This quickstart demonstrates how to load a pre-trained Vocos model and synthesize an audio waveform from a dummy Mel-spectrogram. It shows basic model instantiation, input preparation, and the decoding process.

import torch
from vocos import Vocos

# Instantiate Vocos model from Hugging Face Hub (Mel-spectrogram variant)
vocos_model = Vocos.from_pretrained("charactr/vocos-mel-24khz")

# Create a dummy Mel-spectrogram tensor (Batch, Channels, Time)
# In a real application, this would come from a feature extraction step on actual audio.
# Example: 1 batch, 100 mel bands, 256 time frames
mel_spectrogram = torch.randn(1, 100, 256)

# Move model and input to GPU if available
if torch.cuda.is_available():
    vocos_model = vocos_model.to('cuda')
    mel_spectrogram = mel_spectrogram.to('cuda')

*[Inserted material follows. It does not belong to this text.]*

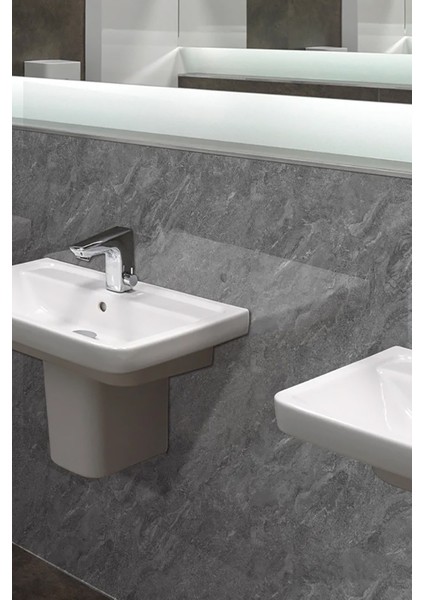 Gri Mermer Desenli Plastik Duvar Sticker Duvar Kağıdı Şık Zarif 60X30 Duvar Kağıdı 1 Adet modelleri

# Decode the Mel-spectrogram to an audio waveform
audio_waveform = vocos_model.decode(mel_spectrogram)

print(f"Generated audio waveform shape: {audio_waveform.shape}")
print(f"Generated audio on device: {audio_waveform.device}")
# To save the audio, you would typically use torchaudio.save:
# import torchaudio
# torchaudio.save("generated_audio.wav", audio_waveform.cpu(), sample_rate=24000)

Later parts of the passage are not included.